▶ _Provided data_
┄┄┄┄┄┄┄┄┄┄┄┄┄┄┄┄┄┄┄┄

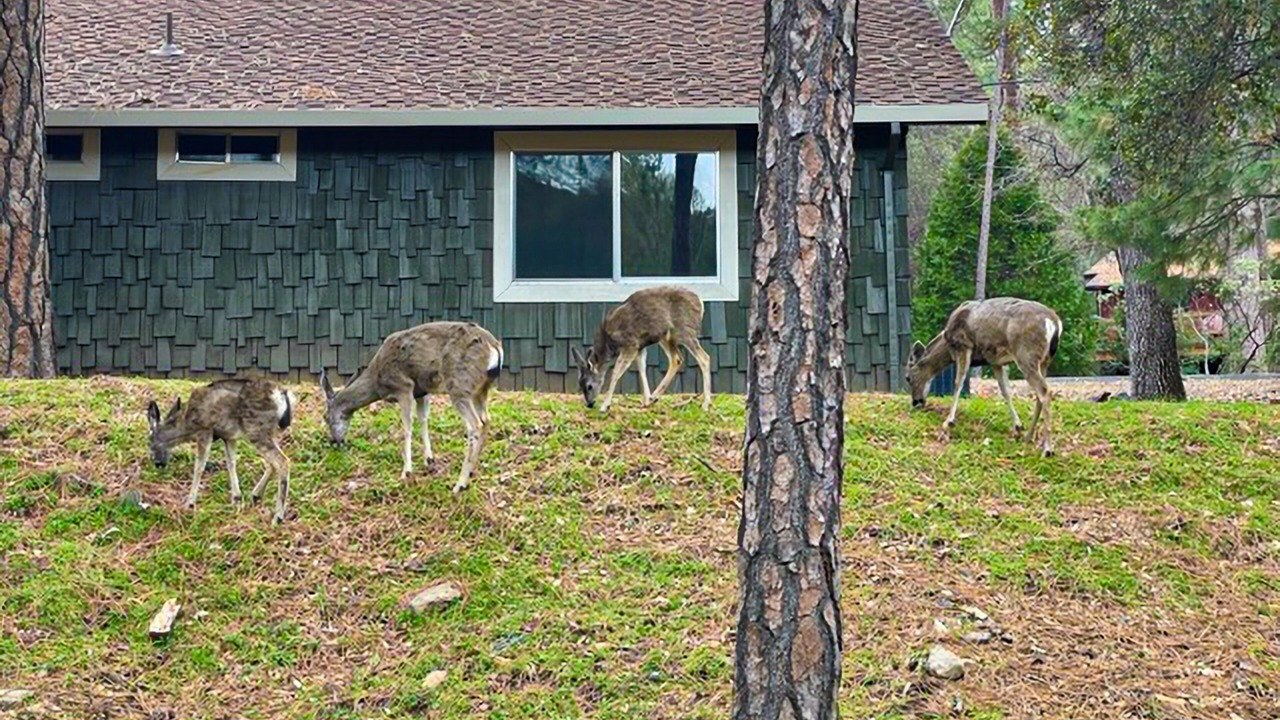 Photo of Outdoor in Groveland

┄┄┄┄┄┄┄┄┄┄┄┄┄┄┄┄┄┄┄┄

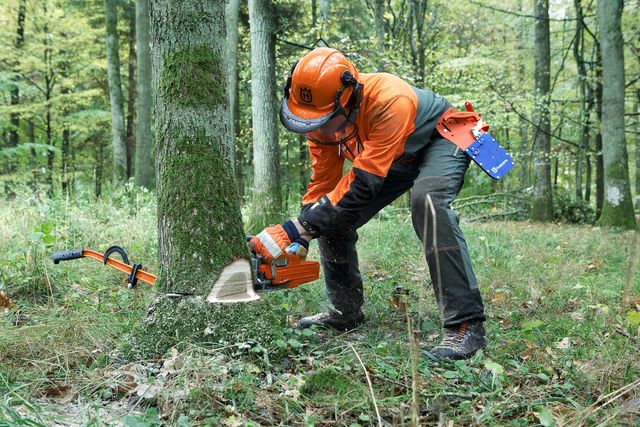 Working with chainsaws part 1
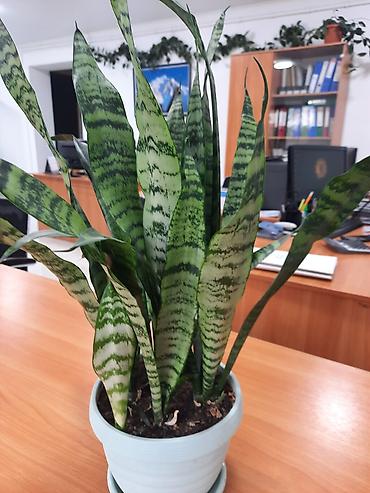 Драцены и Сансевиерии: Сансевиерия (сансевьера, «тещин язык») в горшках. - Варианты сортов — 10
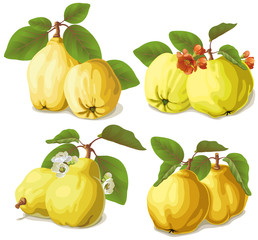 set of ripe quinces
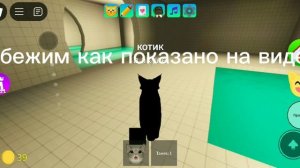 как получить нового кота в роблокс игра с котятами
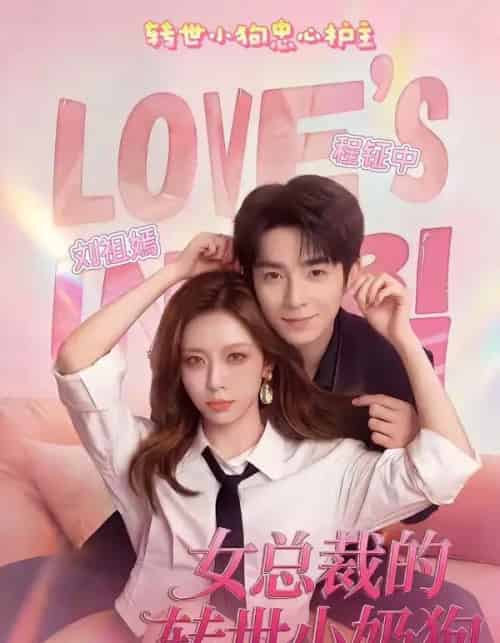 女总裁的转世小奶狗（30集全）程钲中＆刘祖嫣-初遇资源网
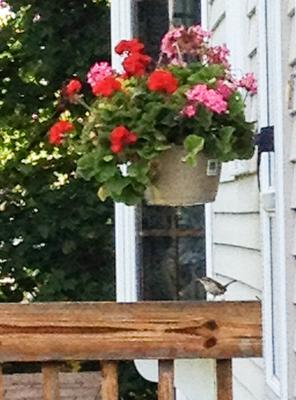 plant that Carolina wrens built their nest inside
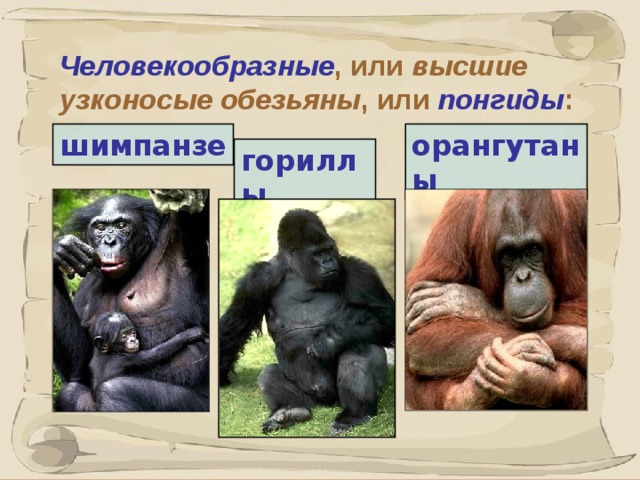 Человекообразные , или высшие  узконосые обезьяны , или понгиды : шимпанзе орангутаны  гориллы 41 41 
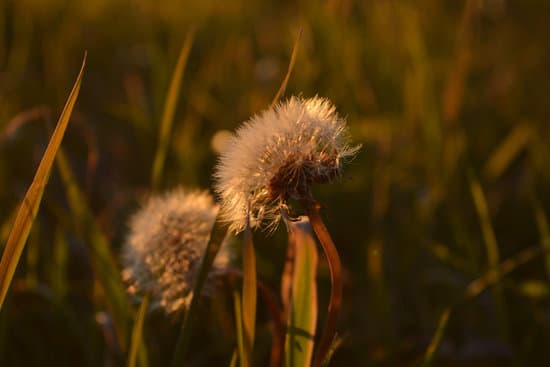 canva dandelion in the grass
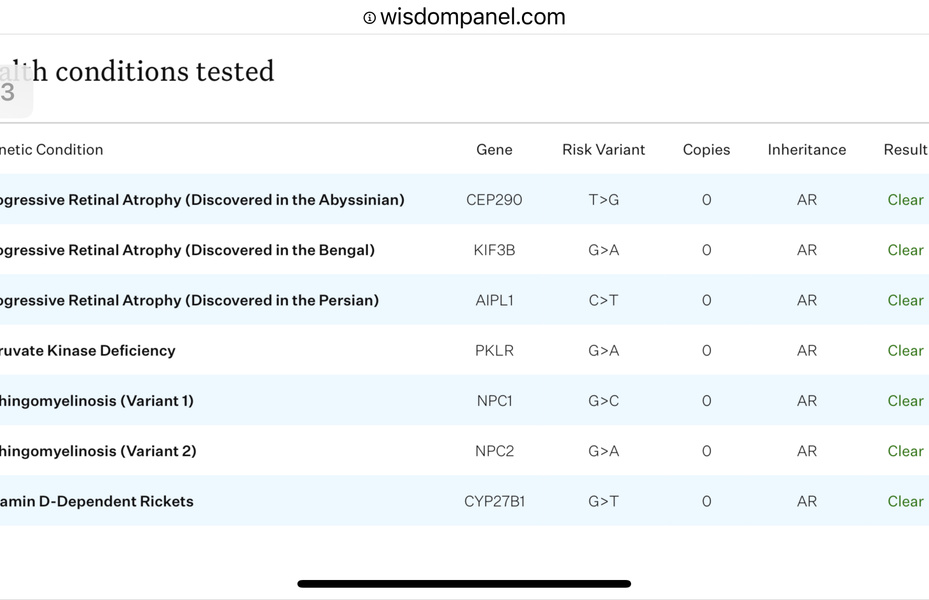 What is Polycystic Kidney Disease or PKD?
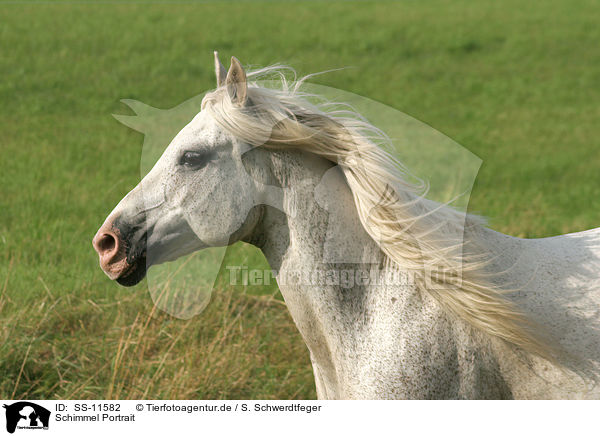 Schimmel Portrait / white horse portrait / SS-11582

┄┄┄┄┄┄┄┄┄┄┄┄┄┄┄┄┄┄┄┄

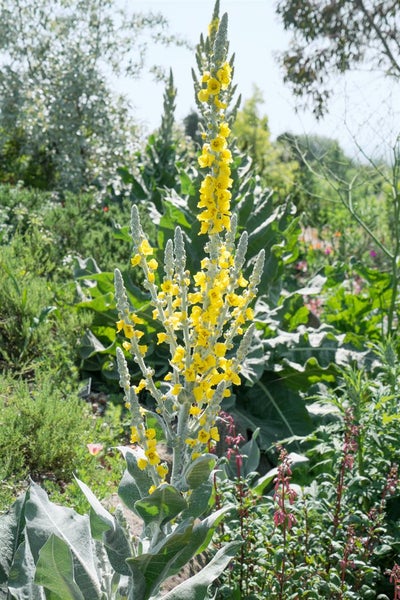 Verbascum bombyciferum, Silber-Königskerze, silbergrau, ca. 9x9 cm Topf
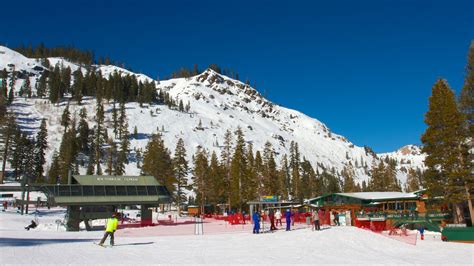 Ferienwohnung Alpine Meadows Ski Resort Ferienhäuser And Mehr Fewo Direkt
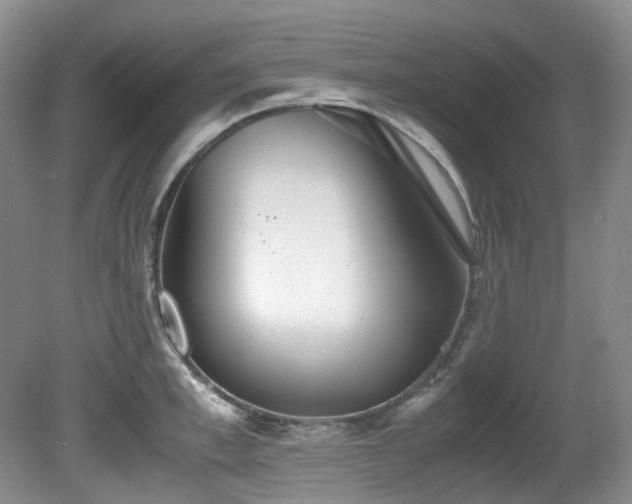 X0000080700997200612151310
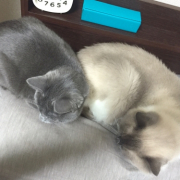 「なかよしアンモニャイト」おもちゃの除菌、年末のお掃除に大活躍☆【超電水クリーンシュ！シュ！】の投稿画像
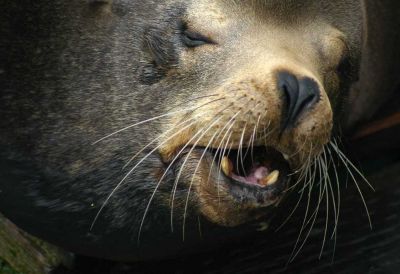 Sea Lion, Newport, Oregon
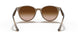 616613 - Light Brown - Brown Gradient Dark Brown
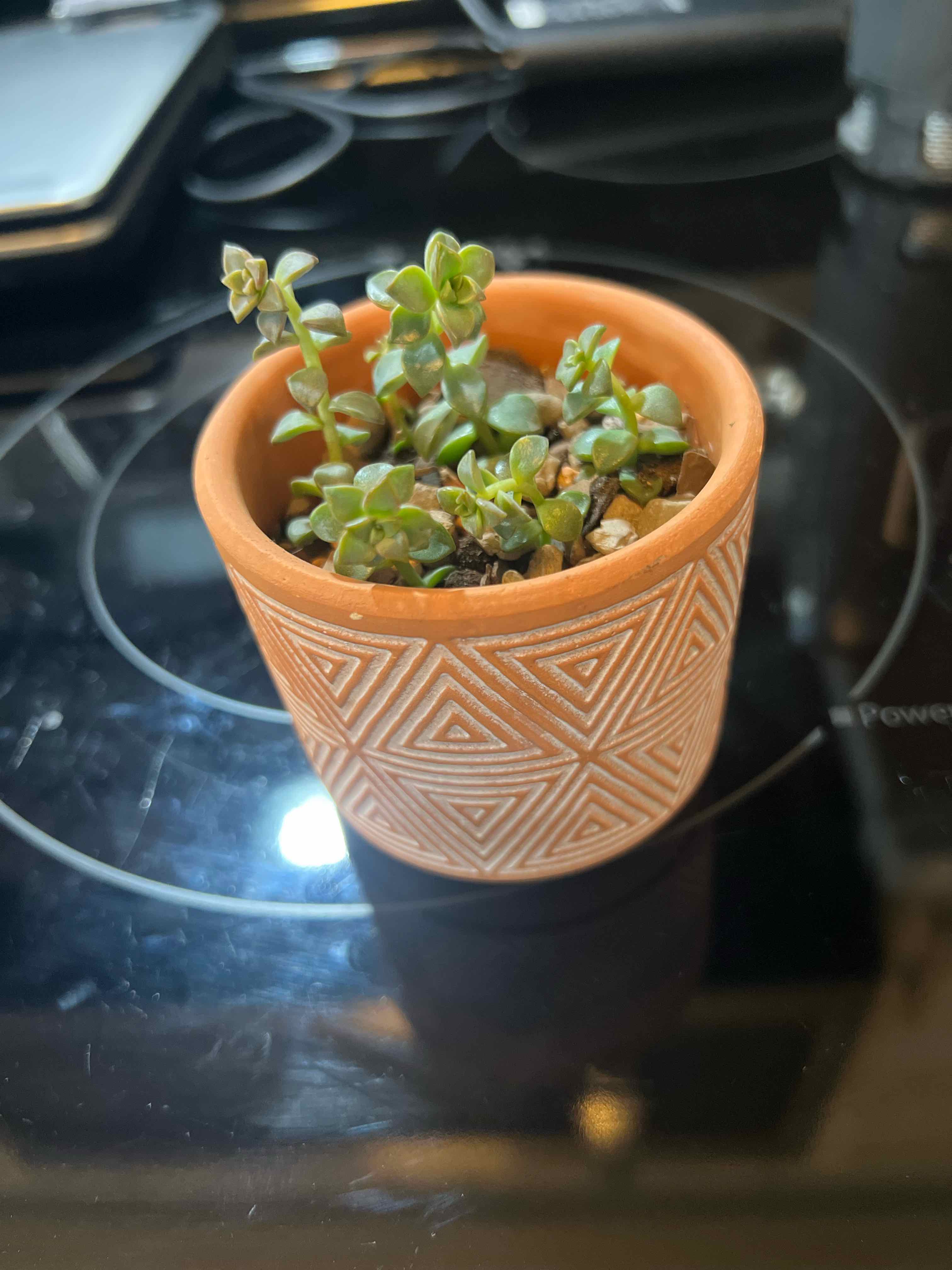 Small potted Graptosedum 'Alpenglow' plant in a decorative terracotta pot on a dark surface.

┄┄┄┄┄┄┄┄┄┄┄┄┄┄┄┄┄┄┄┄

▶ _Exercise aim_
In the listing above, find the line with "Verbascum bombyciferum, Silber-Königskerze, silbergrau, ca." and output it and every line after it up to and including the line with "Small potted Graptosedum", exactly, minus the pictures.

▶ _Task result_
 Verbascum bombyciferum, Silber-Königskerze, silbergrau, ca. 9x9 cm Topf
 Ferienwohnung Alpine Meadows Ski Resort Ferienhäuser And Mehr Fewo Direkt
 X0000080700997200612151310
 「なかよしアンモニャイト」おもちゃの除菌、年末のお掃除に大活躍☆【超電水クリーンシュ！シュ！】の投稿画像
 Sea Lion, Newport, Oregon
 616613 - Light Brown - Brown Gradient Dark Brown
 Small potted Graptosedum 'Alpenglow' plant in a decorative terracotta pot on a dark surface.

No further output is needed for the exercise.